Artikel 41 Vrijstellingsregeling Wft
1. Financiëledienstverleners zijn vrijgesteld van artikel 4:9, tweede lid, van de wet voorzover zij financiële diensten verlenen met betrekking tot:
   a. betaalrekeningen en de daaraan verbonden betaalfaciliteiten;
   b. spaarrekeningen en de daaraan verbonden spaarfaciliteiten, tenzij het spaarrekeningen betreft waarvan de rentevergoeding is gekoppeld aan de koersontwikkeling van tot de handel op een markt in financiële instrumenten toegelaten financiële instrumenten.

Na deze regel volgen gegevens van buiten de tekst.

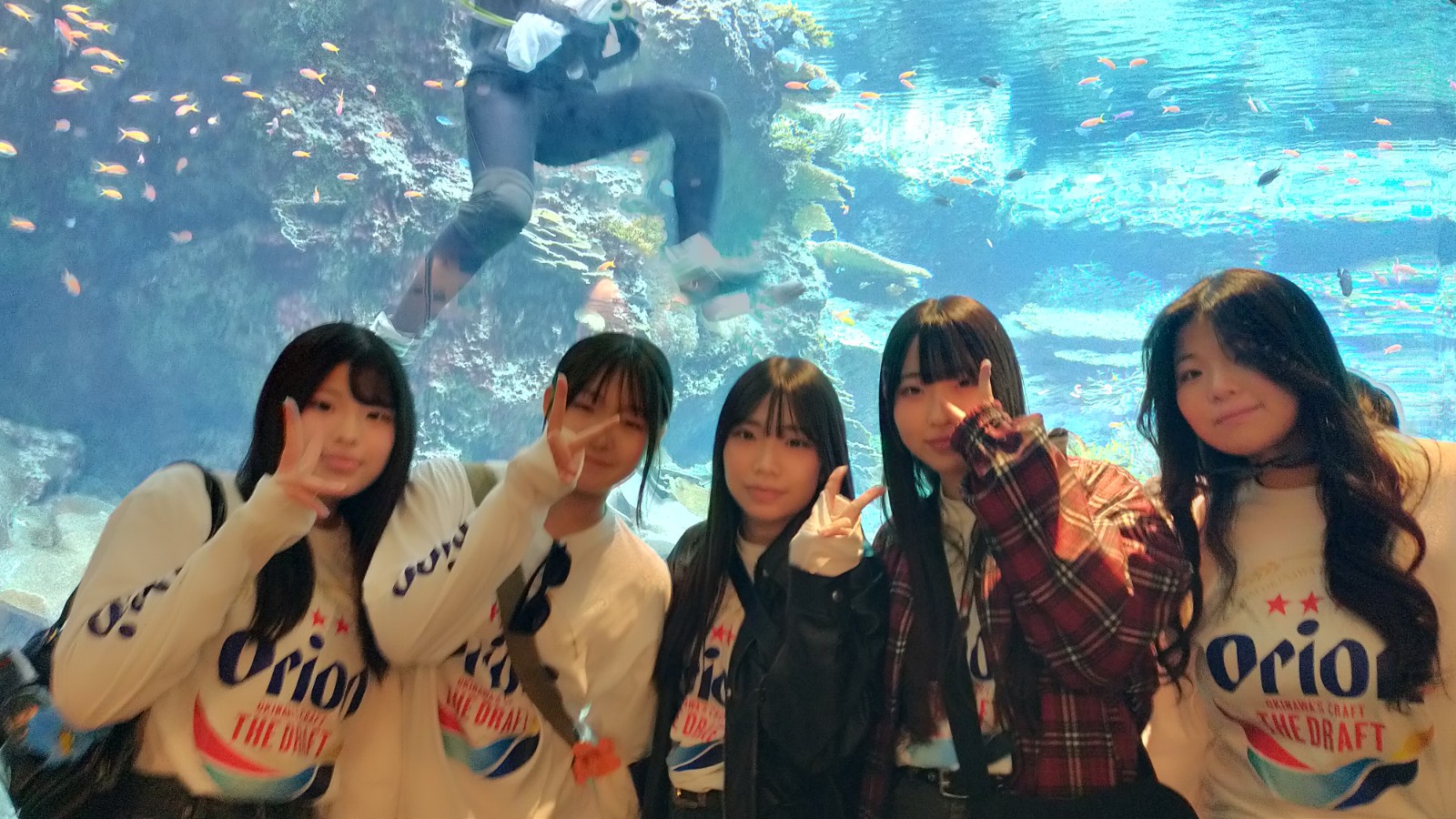 IMG20250206135313_copy_1600x900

2. Financiëledienstverleners zijn vrijgesteld van artikel 4:23, eerste en tweede lid, van de wet voorzover zij financiële diensten verlenen met betrekking tot financiële producten, met uitzondering van:
   a. complexe producten als bedoeld in artikel 1, onderdeel d, van het besluit;
   b. spaarrekeningen en de daaraan verbonden spaarfaciliteiten, waarvan de rentevergoeding is gekoppeld aan de koersontwikkeling van tot de handel op een markt in financiële instrumenten toegelaten financiële instrumenten;
   c. financiële instrumenten;
   d. krediet waarvan de kredietsom meer dan € 1.000 bedraagt;
   e. hypothecair krediet;
   f. verzekeringen in verband met het geheel of gedeeltelijk wegvallen van het inkomen van een cliënt;
   g. combinaties van twee of meer van de financiële producten, bedoeld in de onderdelen a tot en met h van de definitie van financieel product in artikel 1:1 van de wet.